*Data under study*:
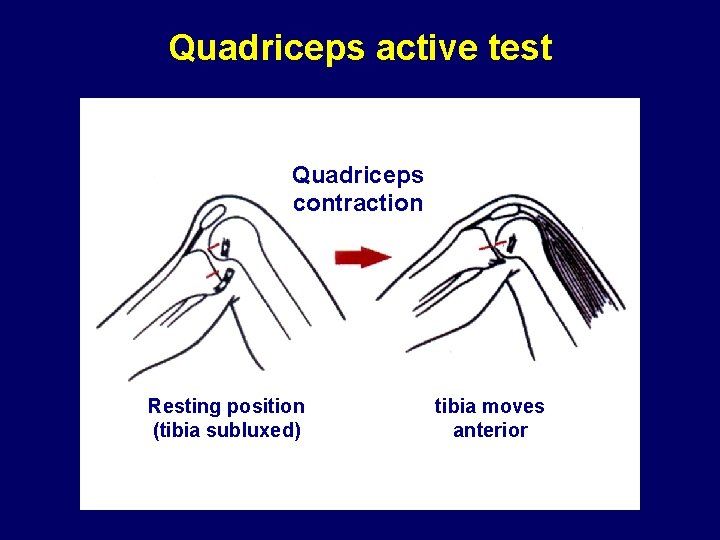 Quadriceps active test Quadriceps contraction Resting position (tibia subluxed) tibia moves anterior 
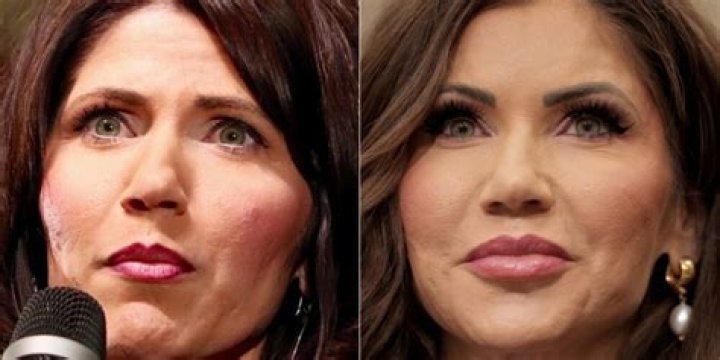 New Details: See Kristi Noem's Plastic Surgery Transformation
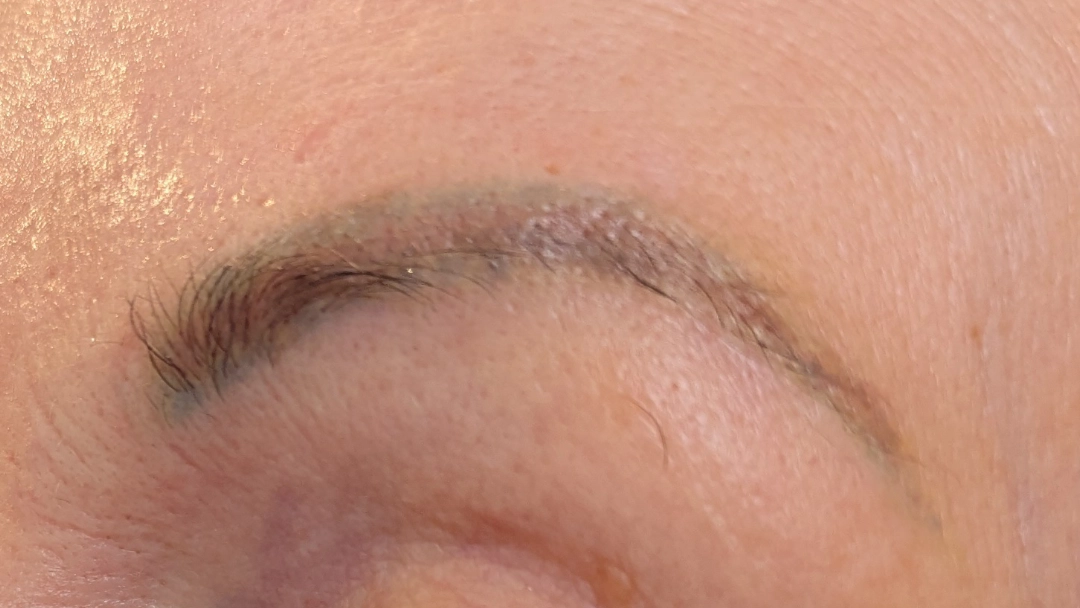 Tatueringsborttagning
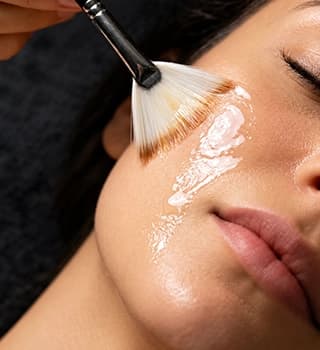 Chemical Peel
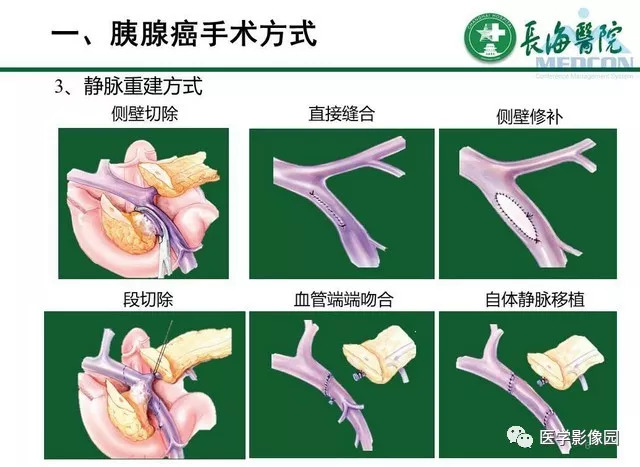 【PPT】胰胰腺癌术前影像评估及规范化报告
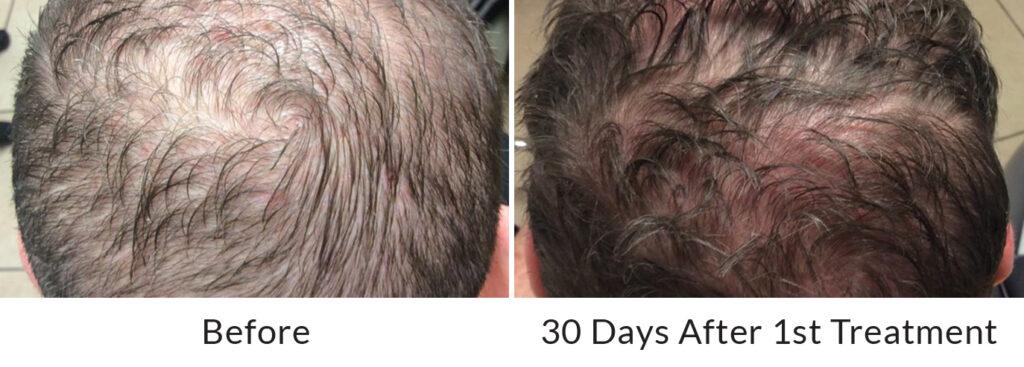 Hair Restoration Results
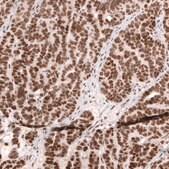 Monoclonal Anti-Smarcb1 Antibody Produced In Mouse Prestige Antibodies® Powered by Atlas Antibodies, clone CL13992, affinity isolated antibody, buffered aqueous glycerol solution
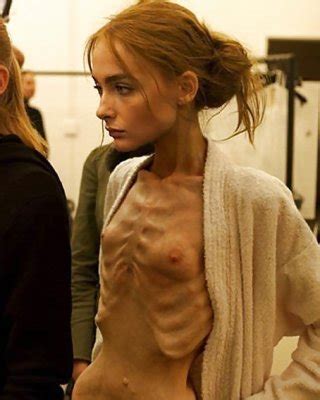 Anorexic Girls Porn Pictures XXX Photos Sex Images 1709122 PICTOA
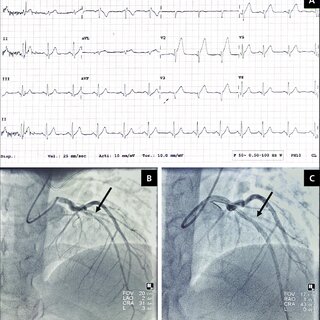 EKG 및 관상동맥 조영술로 진단한다.
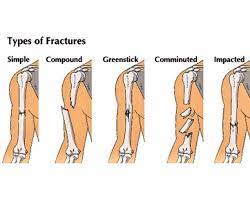 Types Of Fractures Types Of Fractures Perioperative Nursing Medical Knowledge
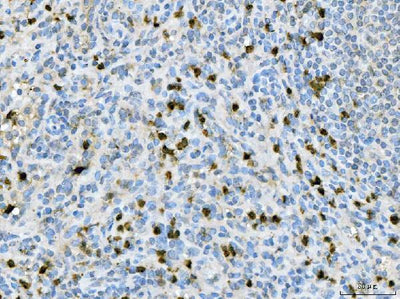 Anti-CXCR2 Antibody Boster Bio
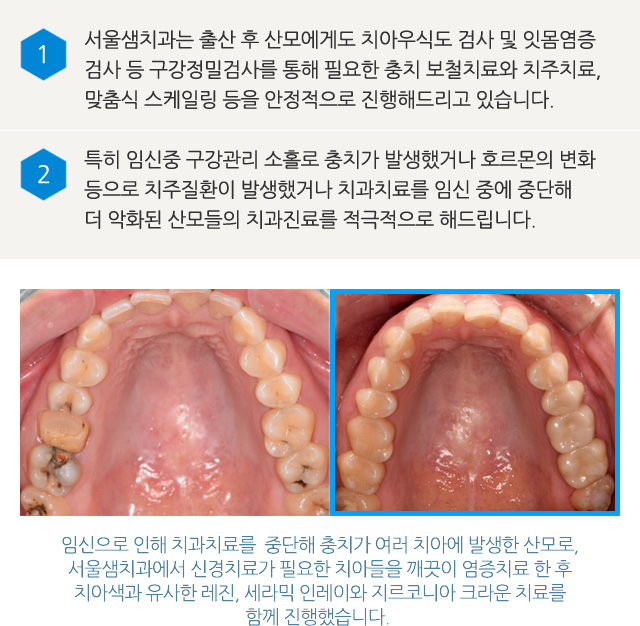 임산부 구강관리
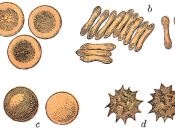 Human red blood cells. a. Seen from the surface. b. Seen in profile and forming rouleaux. c. Rendered spherical by water (hypotonic to serum). d. Rendered crenate by salt solution (hypertonic).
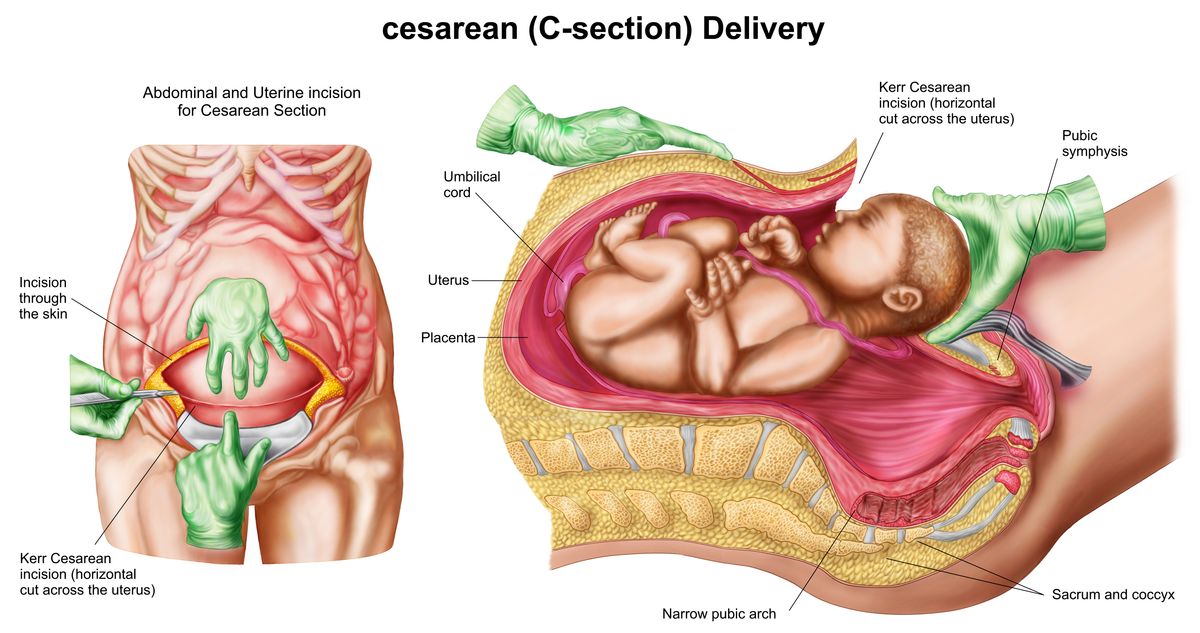 A C-section is major abdominal surgery. Surgical techniques and individual circumstances can differ.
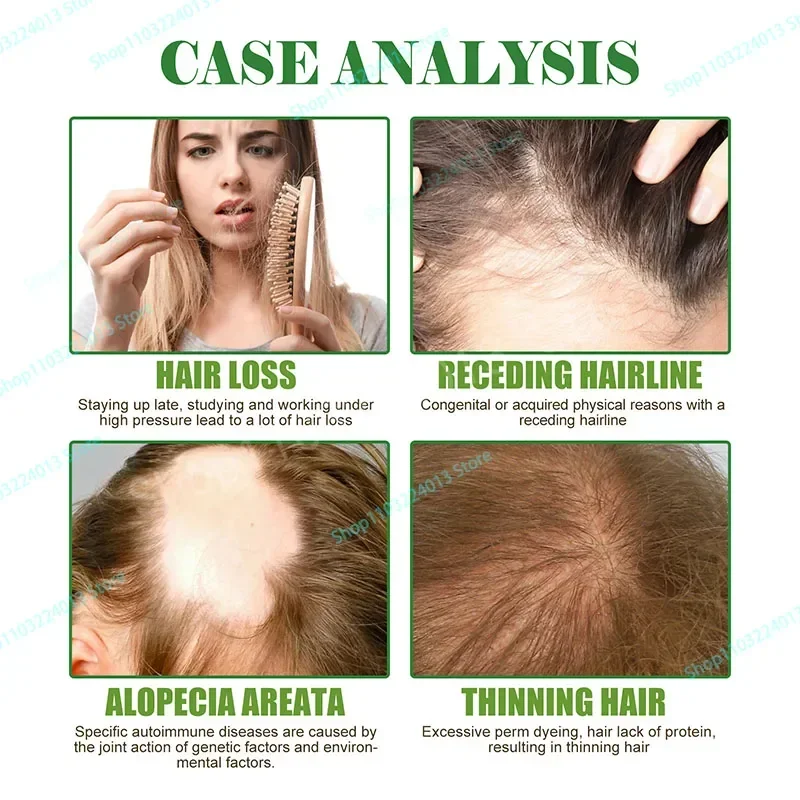 

Sdottor Hair Growth Essential Oil Rosemary Mint Hair Strengthening Oil Nourishing Treatment for Split Ends and Dry Mielle Organi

*Exercise*:
Output exactly the lines from the line containing "Chemical Peel" through the last line of the records, both included, and leave out every picture.

*Answer to this problem*:
 Chemical Peel
 【PPT】胰胰腺癌术前影像评估及规范化报告
 Hair Restoration Results
 Monoclonal Anti-Smarcb1 Antibody Produced In Mouse Prestige Antibodies® Powered by Atlas Antibodies, clone CL13992, affinity isolated antibody, buffered aqueous glycerol solution
 Anorexic Girls Porn Pictures XXX Photos Sex Images 1709122 PICTOA
 EKG 및 관상동맥 조영술로 진단한다.
 Types Of Fractures Types Of Fractures Perioperative Nursing Medical Knowledge
 Anti-CXCR2 Antibody Boster Bio
 임산부 구강관리
 Human red blood cells. a. Seen from the surface. b. Seen in profile and forming rouleaux. c. Rendered spherical by water (hypotonic to serum). d. Rendered crenate by salt solution (hypertonic).
 A C-section is major abdominal surgery. Surgical techniques and individual circumstances can differ.

Sdottor Hair Growth Essential Oil Rosemary Mint Hair Strengthening Oil Nourishing Treatment for Split Ends and Dry Mielle Organi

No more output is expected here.